Под ногами Керенского почва колыхалась, как на торфяных болотах. Выхода он искал, как всегда, в области словесных импровизаций: собрать, провозгласить, заявить. Личный успех 21 июля, когда он поднялся над враждующими лагерями демократии и буржуазии в качестве незаменимого, подсказал Керенскому идею Государственного совещания в Москве. То, что происходило в закрытом зале Зимнего дворца, должно было быть перенесено на открытую сцену. Пусть страна собственными глазами увидит, что все расползется по швам, если Керенский не возьмет в руки вожжи и кнут!

* * *

К участию в Государственном совещании привлечены были, по официальному списку, «представители политических, общественных, демократических, национальных, торгово-промышленных и кооперативных организаций, руководители органов демократии, высшие представители армии, научных учреждений, университетов, члены Государственной думы четырех составов». Намечалось около 1500 участников, собралось около 2500, причем расширение происходило целиком в интересах правого крыла. Московская газета эсеров укоризненно писала по адресу своего правительства: «Против 150 представителей труда выступает 120 представителей торгово-промышленного класса. Против 100 крестьянских депутатов приглашаются 100 представителей землевладельцев. Против 100 представителей Совета явится 300 членов Государственной думы…» Газета партии Керенского выражала сомнение, чтобы такое совещание дало правительству «ту опору, которой оно ищет». Соглашатели ехали на совещание скрепя сердце: надо сделать, убеждали они друг друга, честную попытку договориться. Но как быть с большевиками? Необходимо было во что бы то ни стало помешать им вмешаться в диалог демократии с имущими классами. Особым постановлением Исполнительного комитета партийные фракции лишались права выступать без согласия его президиума. Большевики решили огласить от имени партии декларацию и покинуть совещание. Зорко подстерегавший каждое их движение президиум потребовал от них отказа от преступного замысла. Тогда большевики без колебаний вернули входные билеты. Они готовили иной, более внушительный ответ: слово было за пролетарской Москвой.
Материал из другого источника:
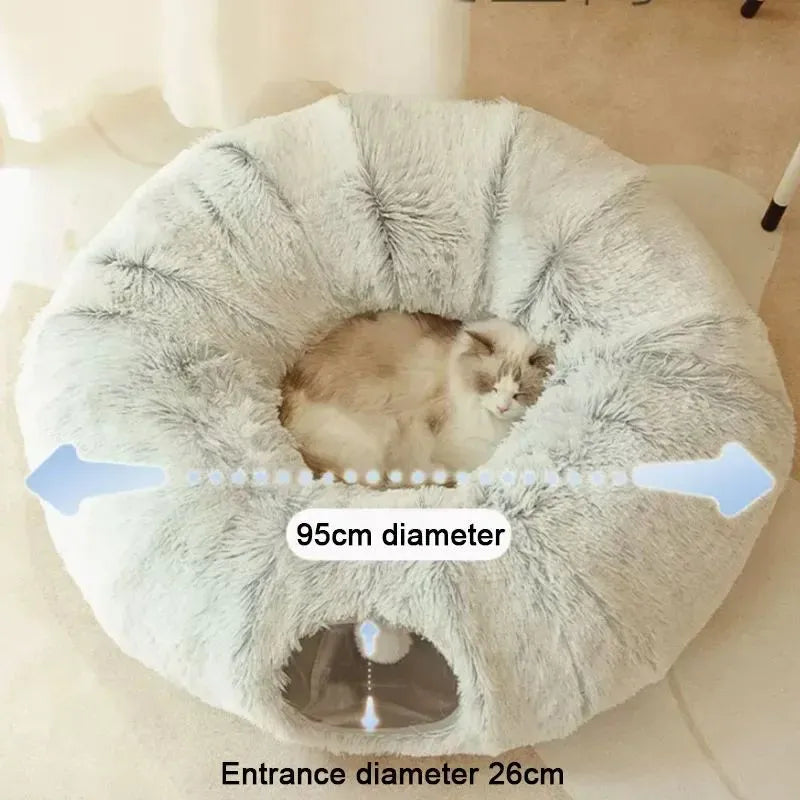 Gray plush cat bed mat measuring 85 by 85 by 26 centimetres, placed on floor for winter use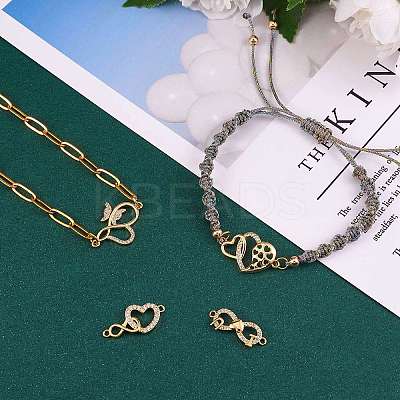 4Pcs 4 Style Brass Micro Pave Clear Cubic Zirconia Links Connectors ZIRC-SZ0002-24-1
Почти с первых дней революции сторонники порядка противопоставляли при каждом подходящем случае спокойную «страну» неугомонному Петрограду. Созыв Учредительного собрания в Москве составлял один из лозунгов буржуазии. Национал-либеральный «марксист» Потресов слал проклятья Петрограду, вообразившему себя «новым Парижем». Как будто жирондисты не грозили громами старому Парижу и не предлагали ему свести свою роль к Увз! Провинциальный меньшевик говорил в июне на съезде советов: «Какой-нибудь Новочеркасск гораздо вернее отражает условия жизни во всей России, чем Петроград». В сущности, соглашатели, как и буржуазия, искали опоры не в действительных настроениях «страны», а в ими же создаваемой утешительной иллюзии. Теперь, когда предстояло прощупать политический пульс Москвы, устроителей совещания ожидало жестокое разочарование.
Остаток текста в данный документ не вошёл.